DATA FOR REVIEW section start
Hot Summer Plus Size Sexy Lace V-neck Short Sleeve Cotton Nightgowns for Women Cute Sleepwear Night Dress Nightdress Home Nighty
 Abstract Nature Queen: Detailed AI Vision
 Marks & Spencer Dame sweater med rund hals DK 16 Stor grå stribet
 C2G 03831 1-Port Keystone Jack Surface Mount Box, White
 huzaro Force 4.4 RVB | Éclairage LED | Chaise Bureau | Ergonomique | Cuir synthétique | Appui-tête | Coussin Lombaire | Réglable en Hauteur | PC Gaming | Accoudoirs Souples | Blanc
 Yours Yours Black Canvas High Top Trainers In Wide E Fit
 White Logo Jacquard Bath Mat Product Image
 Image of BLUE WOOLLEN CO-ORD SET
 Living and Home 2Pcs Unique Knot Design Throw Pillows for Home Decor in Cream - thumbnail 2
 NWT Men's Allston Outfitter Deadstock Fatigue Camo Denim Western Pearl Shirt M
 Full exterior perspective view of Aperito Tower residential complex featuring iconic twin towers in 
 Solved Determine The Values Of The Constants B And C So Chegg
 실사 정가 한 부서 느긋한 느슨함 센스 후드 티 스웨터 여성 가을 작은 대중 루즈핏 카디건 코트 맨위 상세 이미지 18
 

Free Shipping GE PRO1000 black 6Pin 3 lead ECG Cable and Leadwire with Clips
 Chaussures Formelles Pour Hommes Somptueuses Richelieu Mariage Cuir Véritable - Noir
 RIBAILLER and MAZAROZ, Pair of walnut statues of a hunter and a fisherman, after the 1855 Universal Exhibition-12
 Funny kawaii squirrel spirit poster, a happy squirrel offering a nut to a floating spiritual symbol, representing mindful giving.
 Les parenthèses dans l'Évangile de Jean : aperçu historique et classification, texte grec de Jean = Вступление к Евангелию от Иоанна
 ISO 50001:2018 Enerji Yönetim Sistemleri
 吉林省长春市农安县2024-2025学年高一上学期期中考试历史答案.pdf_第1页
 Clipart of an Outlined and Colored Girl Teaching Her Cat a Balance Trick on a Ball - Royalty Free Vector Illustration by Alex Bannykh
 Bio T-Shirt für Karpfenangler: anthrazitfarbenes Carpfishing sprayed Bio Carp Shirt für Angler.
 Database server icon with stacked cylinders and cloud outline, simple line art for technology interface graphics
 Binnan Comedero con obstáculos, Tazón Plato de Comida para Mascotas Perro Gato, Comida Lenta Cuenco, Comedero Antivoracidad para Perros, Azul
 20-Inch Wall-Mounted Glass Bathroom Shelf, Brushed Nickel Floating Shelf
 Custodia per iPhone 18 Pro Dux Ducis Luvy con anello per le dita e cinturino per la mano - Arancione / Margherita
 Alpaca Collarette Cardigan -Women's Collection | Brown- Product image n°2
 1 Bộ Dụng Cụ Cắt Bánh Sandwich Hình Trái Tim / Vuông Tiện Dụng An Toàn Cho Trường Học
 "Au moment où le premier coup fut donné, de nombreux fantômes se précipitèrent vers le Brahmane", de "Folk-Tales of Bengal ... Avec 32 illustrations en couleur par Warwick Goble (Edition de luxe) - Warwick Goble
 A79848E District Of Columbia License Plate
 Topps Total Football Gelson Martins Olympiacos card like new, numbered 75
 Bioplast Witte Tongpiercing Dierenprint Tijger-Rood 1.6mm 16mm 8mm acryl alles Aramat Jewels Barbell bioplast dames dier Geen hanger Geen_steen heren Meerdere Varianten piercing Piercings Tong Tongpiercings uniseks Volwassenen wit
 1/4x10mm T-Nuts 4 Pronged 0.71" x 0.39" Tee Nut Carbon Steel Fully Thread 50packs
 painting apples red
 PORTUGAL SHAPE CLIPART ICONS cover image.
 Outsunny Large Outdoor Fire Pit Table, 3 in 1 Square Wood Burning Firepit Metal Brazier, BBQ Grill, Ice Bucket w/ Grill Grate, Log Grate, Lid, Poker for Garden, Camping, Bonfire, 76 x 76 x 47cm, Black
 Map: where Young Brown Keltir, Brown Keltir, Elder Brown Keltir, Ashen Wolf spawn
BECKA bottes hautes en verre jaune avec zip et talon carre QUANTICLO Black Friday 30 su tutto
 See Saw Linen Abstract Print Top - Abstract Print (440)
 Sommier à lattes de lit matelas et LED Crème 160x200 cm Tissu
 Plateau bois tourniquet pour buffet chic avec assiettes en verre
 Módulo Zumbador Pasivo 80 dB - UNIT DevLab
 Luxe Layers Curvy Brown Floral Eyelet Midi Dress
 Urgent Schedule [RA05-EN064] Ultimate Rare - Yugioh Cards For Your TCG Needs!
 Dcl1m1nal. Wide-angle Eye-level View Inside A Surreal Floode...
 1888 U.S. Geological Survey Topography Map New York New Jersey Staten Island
DATA FOR REVIEW section end
▶ _EXERCISE GOAL_:
The response should be the listing above, limited to the lines between the one holding "White Logo Jacquard Bath Mat Product Image" and the one holding "Solved Determine The", inclusive, reproduced exactly.

▶ _OUTPUT FOR THIS EXERCISE_:
 White Logo Jacquard Bath Mat Product Image
 Image of BLUE WOOLLEN CO-ORD SET
 Living and Home 2Pcs Unique Knot Design Throw Pillows for Home Decor in Cream - thumbnail 2
 NWT Men's Allston Outfitter Deadstock Fatigue Camo Denim Western Pearl Shirt M
 Full exterior perspective view of Aperito Tower residential complex featuring iconic twin towers in 
 Solved Determine The Values Of The Constants B And C So Chegg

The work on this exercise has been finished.